We do not accept payments or incentives or gifts or things like that; we don’t use much managed product, so we don’t get any benefits out of the products that we recommend.
“But I suppose the conflicts arise where, for example, we use a particular online broking platform. It’s price-competitive and efficient, but we’ve contracted with this [provider] to do that. So, if you like, there’s some sort of conflict that it’s convenient for us to use that, [but] there could be a cheaper one.
“I don’t think fiduciary duty goes that far, but we put it on our register just in case. It’s not really a conflict. Clients would not see that as a conflict. Everything we do is all about our client. That’s our job – that’s the business.”
Strong relationships, ongoing advisory service contracts, and being paid by the client directly for services rendered are all “strengths of the business”.
“Our long-term relationships with clients – our extremely close relationships with our clients, because we’re dealing with them on a day-to-day basis – and the fact that we control the revenue stream for our own business, make it more valuable,” Hewison says.
‘The writing was on the wall right then and there; anyone who didn’t see it was just stupid’
Not that valuation is necessarily an issue, given Hewison’s succession plan and the fact that he has “no plans to retire at all”.
“I’m enjoying myself,” he says.“It’s good.”
“We’ve talked about appointing a CEO or a general manager to replace me, but we’ve come to the point of thinking that this business is pretty simple. It does not have stock and debtors; it’s a matter of the planners forming relationships with clients and servicing them so that we retain them.
“The whole emphasis is on long-term relationships. So the planners do the planning and focus on the relationship, and then we have all of the internal administration responsible for doing all the day-to-day administration work.
“The business could in the future get complicated enough so it needs a general manager, but right now we don’t believe it does. No need for it. It’s just not a complicated business.
“All we do is look after the clients. Simple.” Hewison is a fiercely independent operator, and he believes this structure helps the firm avoid the worst of the potential conflicts of interest that can arise for planners who work for institutionally-owned dealer groups.
“In some ways it’s a shame that the professional advice industry in this country is institutionalised, and in itself there’s a conflict because most of the institutions are product manufacturers in their own right, and there’s got to be a difficulty in juggling what is completely unbiased financial advice, and product manufacturers,” Hewison says.
“That’s not meant to be a criticism of the institutional bodies, because I know a lot of them are very dedicated to what they are doing, but I think it’s a problem.
“The removal of conflicts is important – commissions and hidden payment arrangements like volume incentives, platform fees and all this stuff. It’s about time we stood up and accounted for what we do. But there’s always been this crossover of incentive payments for one reason or another.”
Hewison says it’s not enough for planners to rely on – or, more likely, hide behind – a veneer of disclosure, and then to argue that this discharges their obligation to manage conflicts. As has been said many times before, Storm Financial was big on disclosure.
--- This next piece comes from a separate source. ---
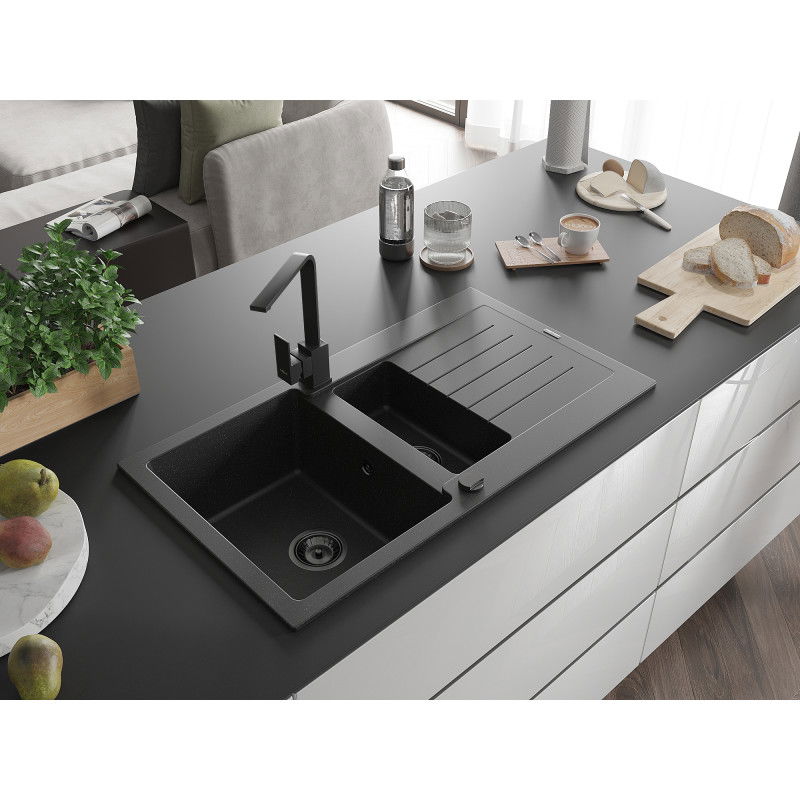 Mexen Matias 1.5-bowl granite sink with drainer and Rita kitchen tap, black/silver - 6502-73-670300-70-B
Disclosure didn’t protect clients at all.
“We have clients come in here and say,‘We don’t pay any fees for what’s happening’, and we say,‘Well, someone’s paying’. And then we dig into it and they say,‘Oh that’s where [the costs] are’ – and they realise they’re paying big amounts of money they didn’t know they were paying,” Hewison says.
Hewison is an advocate, a self-confessed idealistic one, of a simple and straightforward system of charging clients for what they get.
“If a fund manager charges the fee that they need to make a profit, and the dealer group charges their agents the margin they need to make a profit, and the professional adviser charges what they need to do to make a profit, then everyone would be happy,” he says.